Pliron – Pliron IR (MLIR-like)#
cuda-oxide does not compile Rust directly to PTX in one step. It lowers code through a series of intermediate representations, each capturing a different level of abstraction. The framework that makes this possible is pliron – an extensible compiler IR framework written in pure Rust, inspired by LLVM’s MLIR. We refer to the IR built on this framework as Pliron IR.
This chapter explains what upstream MLIR is, why pliron exists as an alternative, and how its core data structures work. If you have never built a compiler, don’t worry – nothing here requires prior compiler experience, just a working knowledge of Rust.

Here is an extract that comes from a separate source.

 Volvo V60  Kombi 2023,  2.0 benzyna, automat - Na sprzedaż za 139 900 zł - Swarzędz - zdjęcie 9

What is MLIR (and why should you care)?#
LLVM IR is a fixed instruction set. It has roughly 70 opcodes (add, load,
br, getelementptr, and so on), and if your domain doesn’t map cleanly to
those opcodes, tough luck – you flatten your high-level concepts into low-level
instructions and hope the optimizer can reconstruct what you meant.

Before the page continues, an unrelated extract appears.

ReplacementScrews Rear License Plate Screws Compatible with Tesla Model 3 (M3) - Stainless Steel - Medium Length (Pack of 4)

MLIR (Multi-Level Intermediate Representation) takes a different approach. Instead of one fixed instruction set, MLIR gives you a framework for defining many instruction sets – called dialects – each tailored to a specific domain. A dialect is a collection of operations, types, and attributes that model the concepts you actually care about.
The key idea is straightforward:
Define a dialect with operations that match your domain.
Write passes that transform one dialect into another (lowering).
Chain passes together until you reach something a backend can consume.
Consider how Triton (the GPU compiler behind PyTorch) uses MLIR. Python GPU code
first lowers to TTIR, a tensor-level IR where operations like “broadcast this
scalar across a tensor” are first-class. At that level, Triton can apply
domain-specific optimizations – for instance, replacing a splat + mul
(broadcast a scalar, then multiply element-wise) with a single native
vector-scalar multiply. That optimization is trivial to express when you have
tensor operations in your IR and nearly impossible to recover after flattening
to LLVM IR.
cuda-oxide faces a similar challenge. We need to represent three very different levels of abstraction:
Level |
What it models |
Example operations |
|---|---|---|
|
Rust semantics – tuples, enums, slices, checked arithmetic |
|
|
Machine-near operations – integer math, memory, control flow |
|
|
GPU intrinsics – thread indexing, warp shuffles, TMA, WGMMA |
|
Without an extensible IR, we would have to either jam Rust enums into LLVM IR (losing semantic information) or build three separate IR frameworks (losing our sanity). MLIR lets us define all three as dialects in a single system and lower between them with well-typed passes.
Enter pliron#
MLIR is a great idea. MLIR’s implementation, however, is C++ with a side of TableGen, a build system that requires you to compile all of LLVM, and debugging sessions that make you question your career choices.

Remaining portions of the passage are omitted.